Larry’s rules of software engineering, part 1: Every software engineer should know roughly what assembly language their code generates.

The first in an ongoing series (in other words, as soon as I figure out what more rules are, I’ll write more articles in the series).

This post was inspired by a comment in Raymond’s blog where a person asked “You mean you think I’m expected to know assembly language to do my job?  Yech”.

My answer to that poster was basically “Well, yes, I do expect that everyone know assembly language”.  If you don’t, you don’t really understand what your code is doing.

Here’s a simple quiz:  How many string objects are created in the following code?

int __cdecl main(int argc, char *argv[])


      std::string foo, bar, baz


      foo = bar + baz + “abc”;


The answer?  5.  Three of the strings are obvious – foo, bar, and baz.  The other two are hidden in the expression: foo = bar  + baz + “abc”.

The first of the hidden two is the temporary string object that’s created to encapsulate the “abc” string.  The second is one that’s used to hold the intermediate result of baz + “abc” which is then added to bar to get the resulting foo.  That one line of code generated 188 bytes of code.  Now that’s not a whole lot of code today, but it can add up.

I ran into this rule a long, long time ago, back in the DOS 4 days.  I was working on the DOS 4 BIOS, and one of the developers who was working on the BIOS before me had defined a couple of REALLY useful macros to manage critical sections.  You could say ENTER_CRITICAL_SECTION(criticalsectionvariable) and LEAVE_CRITICAL_SECTION(criticalsectionvariable) and it would do just what you wanted.

At one point, Gordon Letwin became concerned about the size of the BIOS, it was like 20K and he didn’t understand why it would be so large.  So he started looking.  And he noticed these two macros.  What wasn’t obvious from the macro usage was that each of those macros generated about 20 or 30 bytes of code.  He changed the macros from inline functions to out-of-line functions and saved something like 4K of code.  When you’re running on DOS, this was a HUGE savings (full disclosure – the DOS 4 BIOS was written in assembly language, so clearly I knew what the assembly language that I generated.  But I didn’t know the assembly language the macro generated).

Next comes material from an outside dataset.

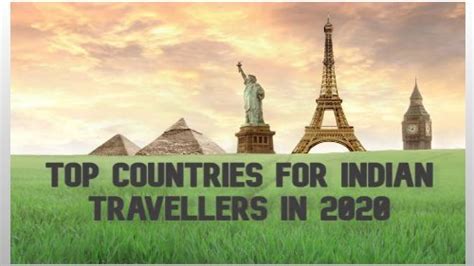 Top Countries For Indian Travellers In 2020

Nowadays, memory pressures aren’t as critical, but it’s STILL critical that you know what your code is going to generate.  This is especially true if you’re using C++, since it’s entirely possible to hide huge amounts of object code in a very small amount of source.  For instance, if you have:

CComPtr<IXmlDOMDocument> document;

CComPtr<IXMLDOMNode> node;

CComPtr<IXMLDOMElement> element;

CComPtr<IXMLDOMValue> value;


How many discrete implementations of CComPtr do you have in your application?  Well, the answer is that you’ve got 4 different implementations – and all the code associated with CComPtr gets duplicated FOUR times in your application.  Now it turns out that the linker has some tricks that it can use to collapse identical implementations of methods (and it uses them starting with VC.Net), but if your code is targeting VC6, or if it’s using some other C++ compiler, you can’t guarantee that you won’t be staring at <n> different implementations of CComPtr in your object code.  CComPtr is especially horrible in this respect, since you typically need to use a LOT of interfaces in your application.  As I said, with VC.Net onwards, this isn’t a problem, the compiler/linker collapses all those implementations into a single instance in your binary, but for many templates, this doesn’t work.  Consider, for example std::vector.

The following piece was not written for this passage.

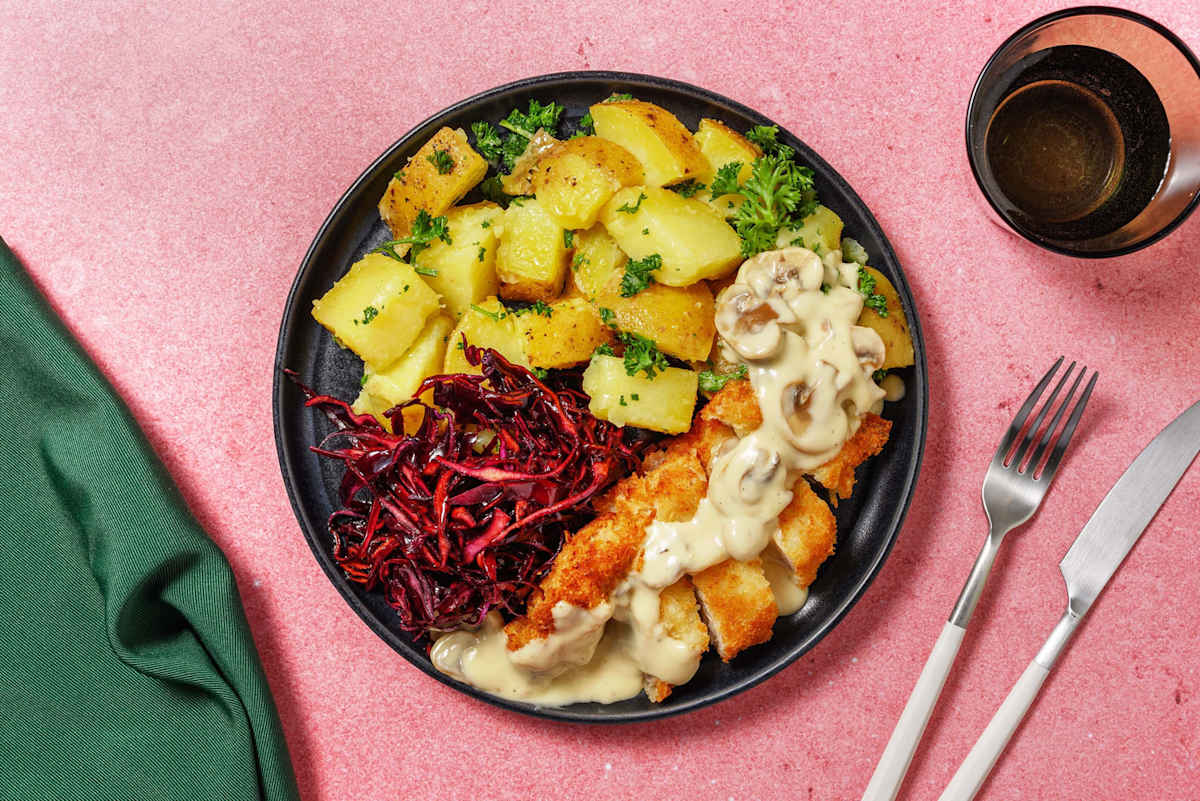 Gyldenstegt svineschnitzel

std::vector<short> document;

std::vector<int> node;

std::vector<float> element;

std::vector<bool> value;

This requires that there be four separate implementations of std::vector compiled in with your application, since there’s no way of sharing the implementation between them (since the sizes of all the types are different, and thus the assembly language for the different implementations is different).  If you don’t know this is going to happen, you’re going to be really upset when your boss starts complaining about the working set of your application.

The other time that not knowing what’s going on under the covers hits you is when a class author accidentally hides performance problems in their class. 

This kind of problem happens a LOT.  I recently inherited a class that used operator overloading extensively.  I started using the code, and as I usually do, I started stepping though the code (to make sure that my code worked) and realized that the class implementation was calling the copy constructor for the class extensively.  Basically it wasn’t possible to use the class at all without a half a dozen trips through the heap allocator.  But I (as the consumer of the class) didn’t realize that – I didn’t realize that a simple assignment statement involved two trips through the heap manager, several calls to printf, and a string parse.  The author of the class didn’t know this either, it was a total surprise when I pointed it out to him, since the calls were side effects of other calls he made).  But if that class had been used in a performance critical situation, we’d have been sunk.  In this case, the class worked as designed; it was just much less efficient than it had to be.

As it is, because I stepped through the assembly, and looked at ALL the code that was generated, we were able to fix the class ahead of time to make it much more implementation friendly.  But if we’d blindly assumed that since the code functioned correctly (and it did), we’d have never noticed this potential performance problem.

If the developer involved had realized what was happening with his class, he’d have never written it that way, but because he didn’t follow Larry’s rule #1, he got burned.


Comments (20)
  1. Anonymous says:

    That’s all nice and good if you work as contractor – you get paid by the hour. I personally think that simple, readable (and therefore managable and less prone to bugs) code is more important than code that saves 20 bytes of memory and runs two milliseconds faster. Hardware is cheap compared to programmers, even those in India. But if your team writes code that’s full of bugs because they’re trying to play tricks with the compiler to make the code run a little bit faster and use a little less memory and then spends weeks trying to find those buggers you’re just wasting money and time.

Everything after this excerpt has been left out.